[Start of Attachment]

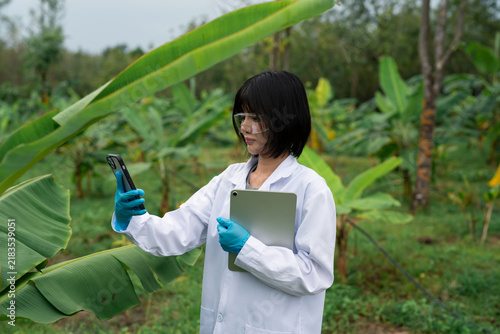 Obraz na płótnie Female agricultural scientist in lab coat using smartphone while holding tablet,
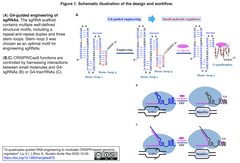 CRISPR/Cas9システムの活性を、ガイドRNAのスキャフォールドを低分子によりヘアピン構造とグアニン４重鎖 (G4)構造を切り替えることで制御可能に
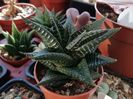 Haworthia limifolia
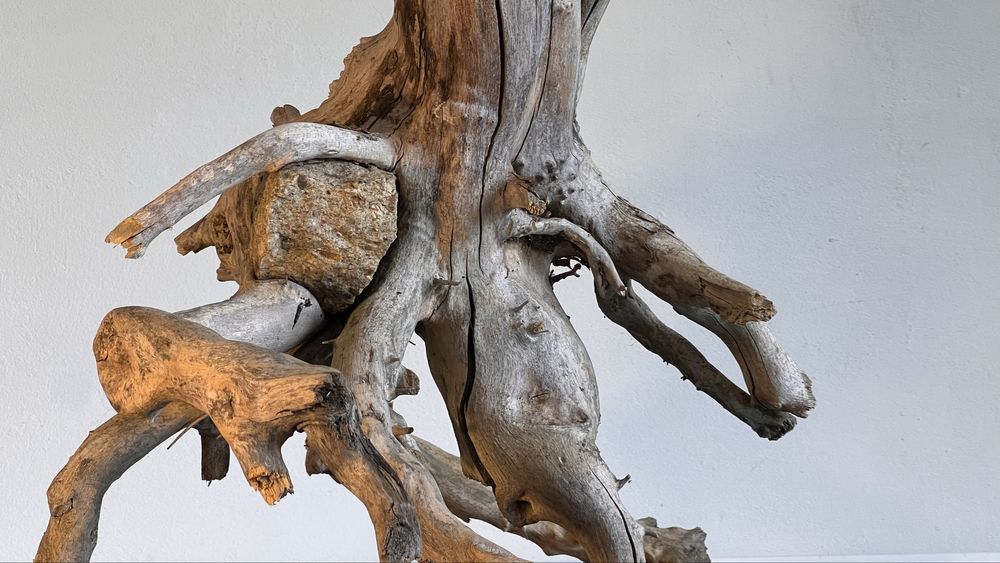 Korzeń do terarium, akwarium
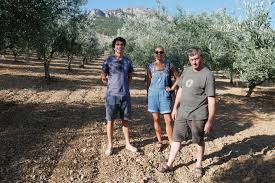 Les Chenes Verts Drome France In Olio Veritas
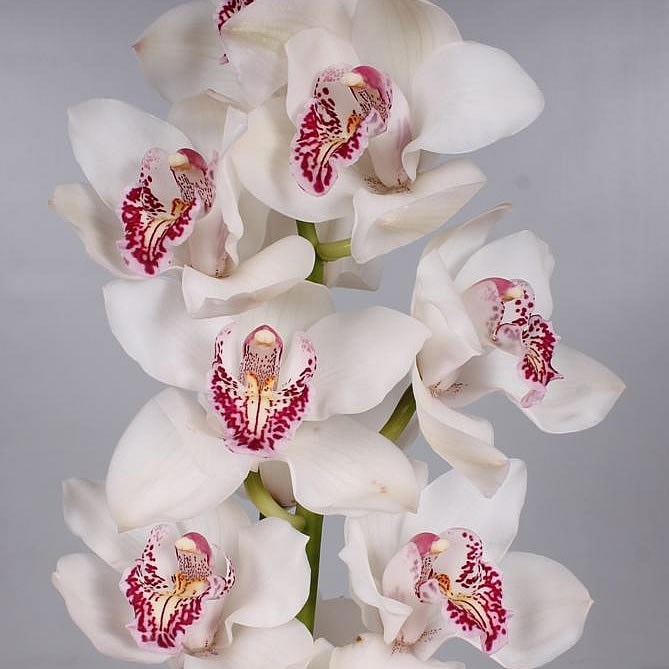 CYMBIDIUM ORCHID VANITY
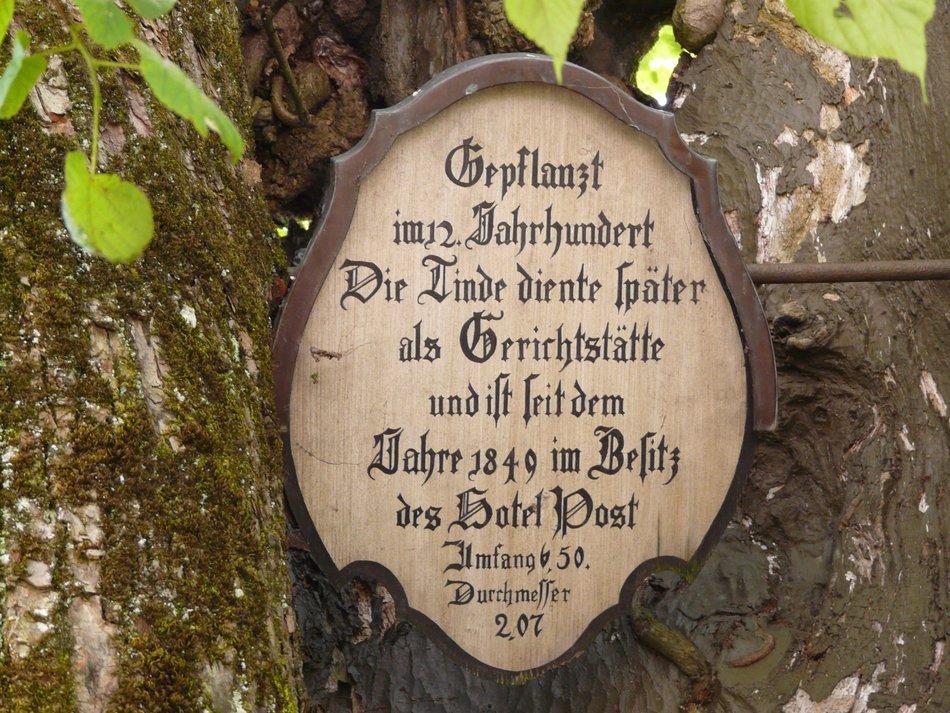 tree with the text in the holy mount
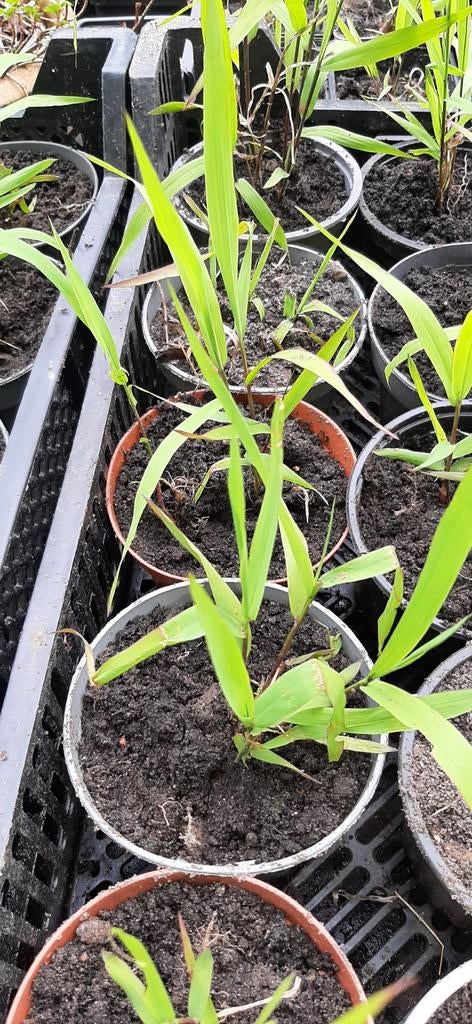 trilgras vaste plant, Birza Media, Tuin en Terras, Planten | Tuinplanten, Vaste plant, Halfschaduw, Zomer, Ophalen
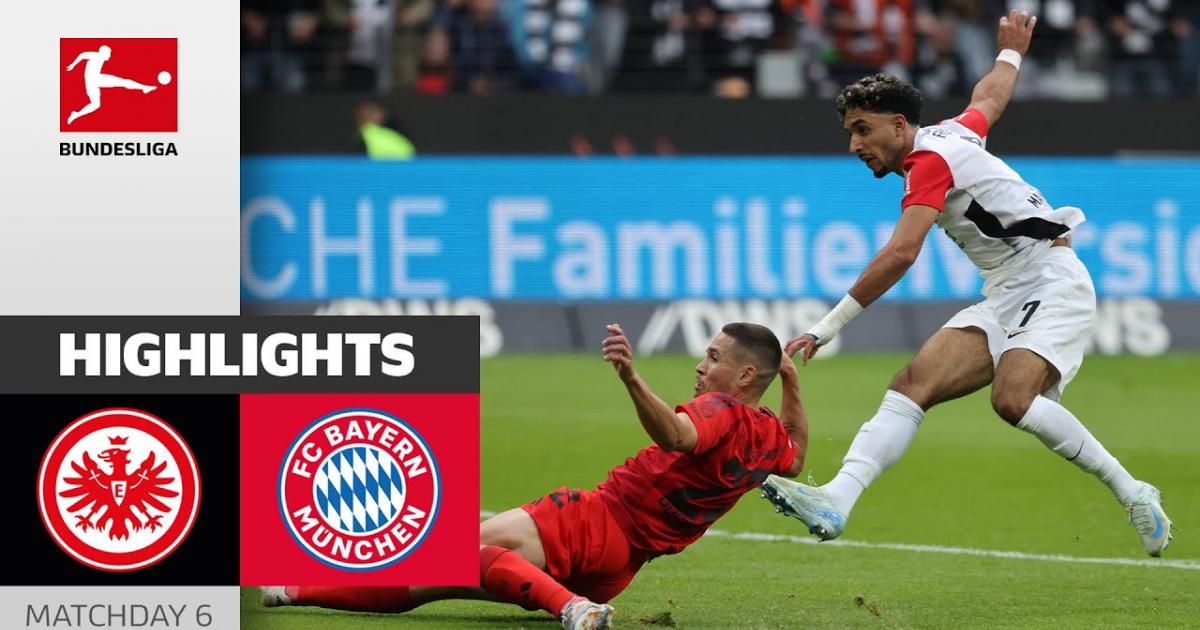 Highlights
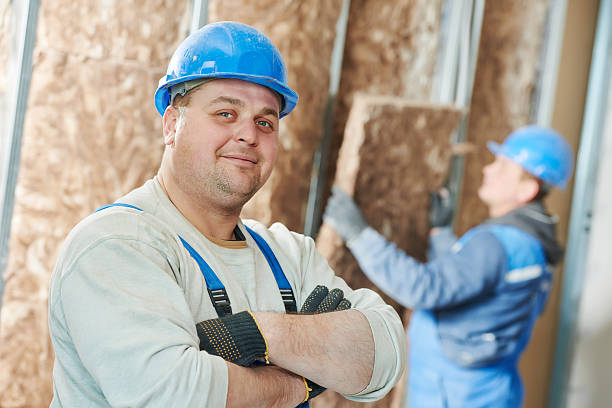Best Insulation Repair Services  in Glyndon, MN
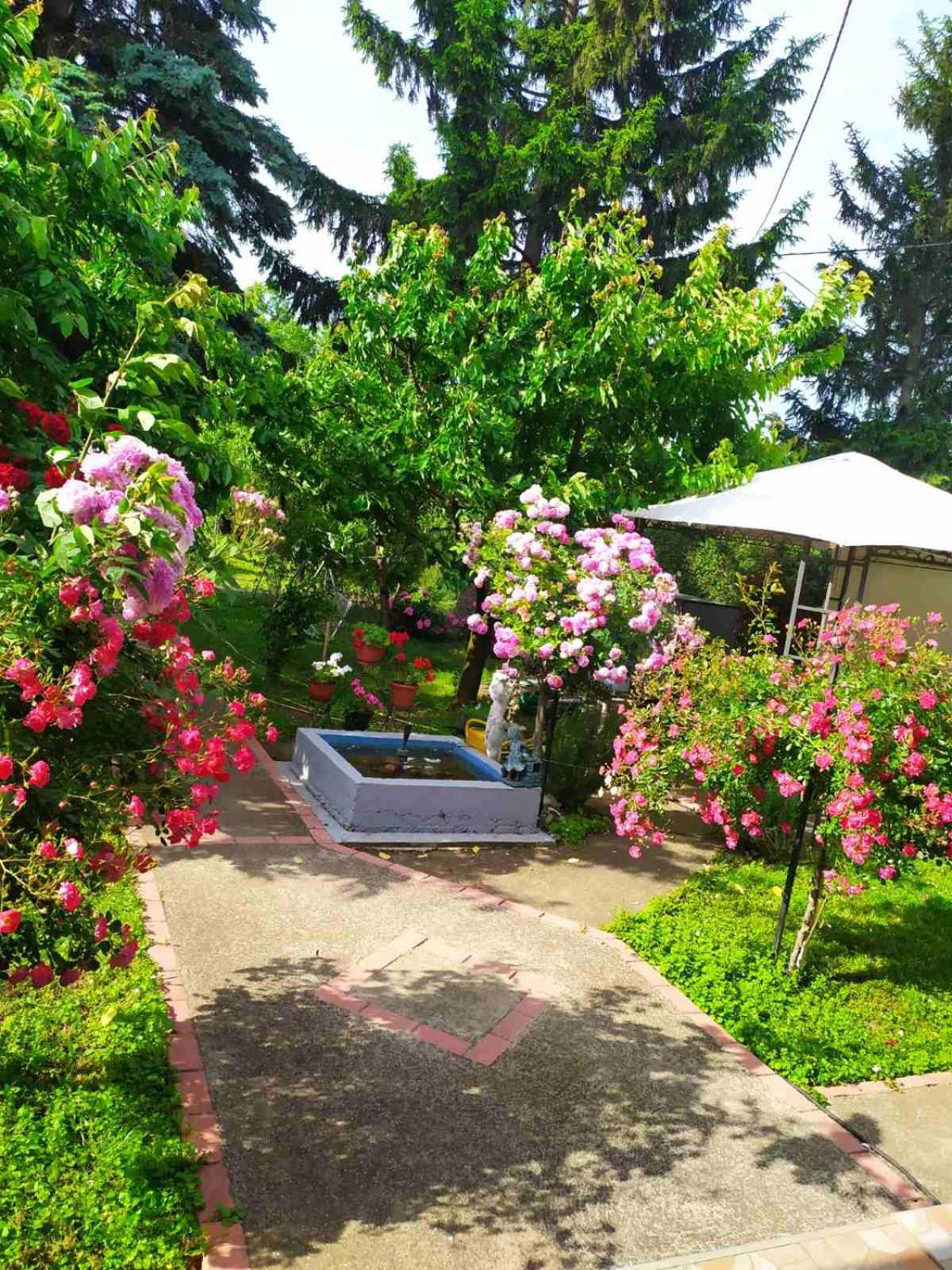 Apartment Ljupka Pančevo المظهر الخارجي الصورة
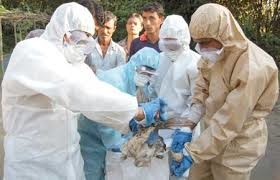 آنفلوآنزای فوق حاد پرندگان در یزد  تحت کنترل است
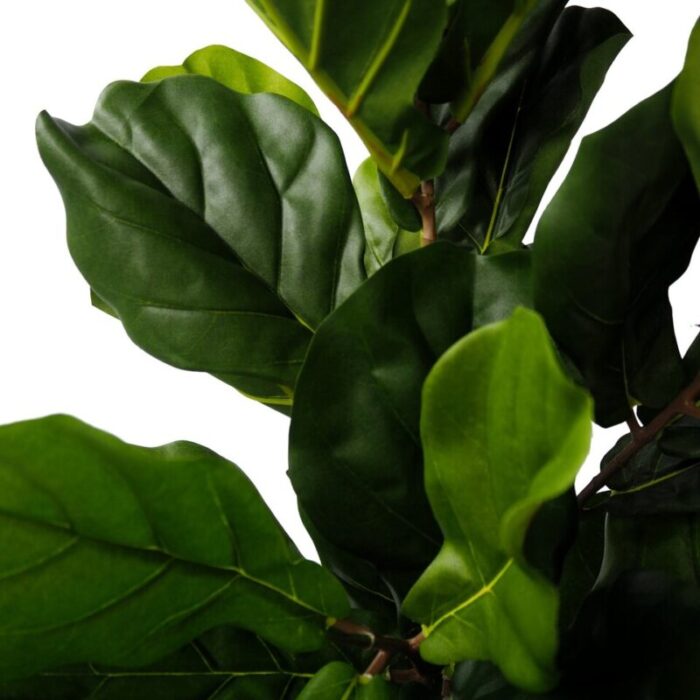 pollyanna fiddle leaf fig plant small 231229053938 1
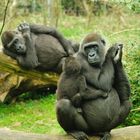 Gorilla-Mama mit Baby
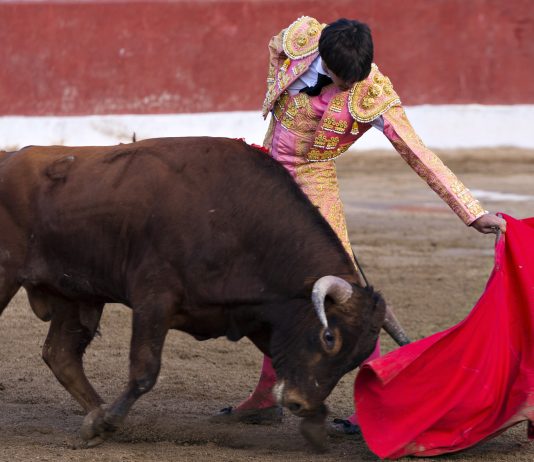 Bitcoin Analyst Builds BTC’s Bullish Case After Binance Quantity Spike, Fed Liquidity Surge Bitcoin Analyst Builds BTC’s Bullish Case After Binance Quantity Spike, Fed Liquidity Surge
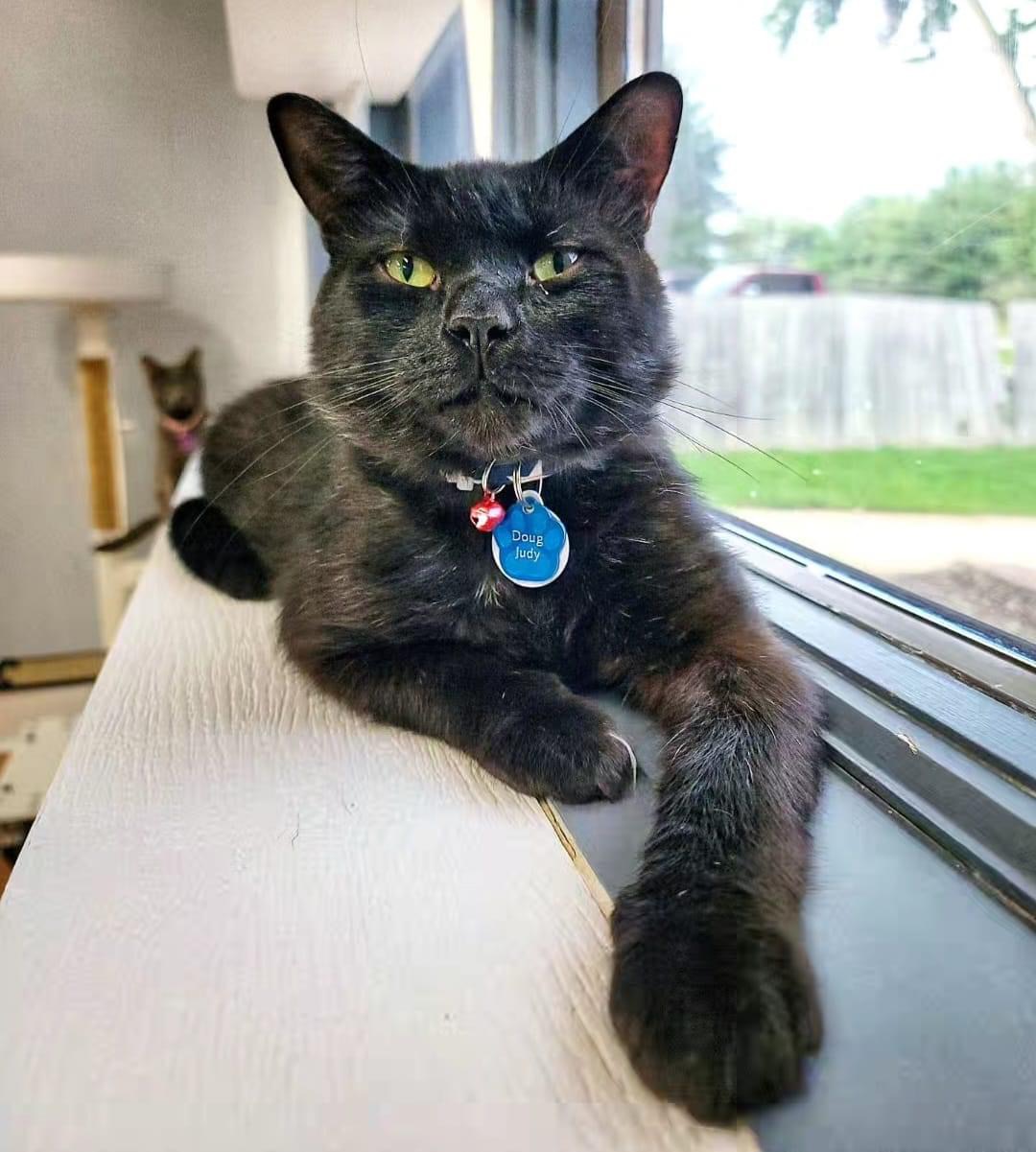 DOUG JUDY, adoptable, Adult Male Domestic Short Hair.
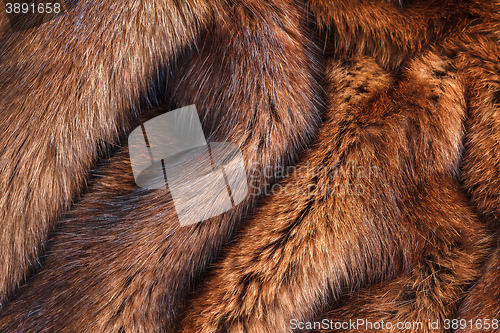 Image of natural fur closeup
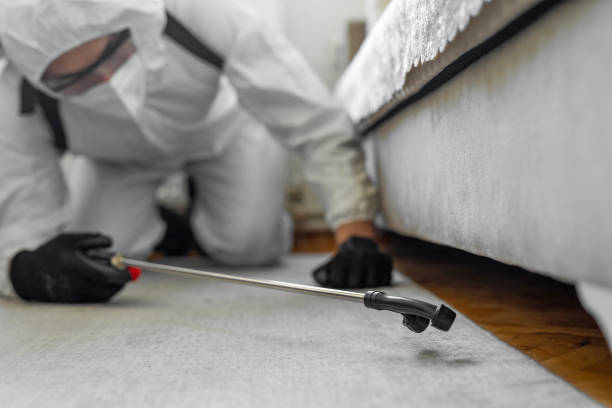 Professional Bed Bug Control technician working in Broxton, GA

[End of Attachment]

TASK TO CARRY OUT
Leave out the pictures and repeat exactly the lines from the start of the material through the line that contains "آنفلوآنزای فوق حاد", both included.

EXPECTED OUTPUT
 Obraz na płótnie Female agricultural scientist in lab coat using smartphone while holding tablet,
 CRISPR/Cas9システムの活性を、ガイドRNAのスキャフォールドを低分子によりヘアピン構造とグアニン４重鎖 (G4)構造を切り替えることで制御可能に
 Haworthia limifolia
 Korzeń do terarium, akwarium
 Les Chenes Verts Drome France In Olio Veritas
 CYMBIDIUM ORCHID VANITY
 tree with the text in the holy mount
 trilgras vaste plant, Birza Media, Tuin en Terras, Planten | Tuinplanten, Vaste plant, Halfschaduw, Zomer, Ophalen
 Highlights
Best Insulation Repair Services  in Glyndon, MN
 Apartment Ljupka Pančevo المظهر الخارجي الصورة
 آنفلوآنزای فوق حاد پرندگان در یزد  تحت کنترل است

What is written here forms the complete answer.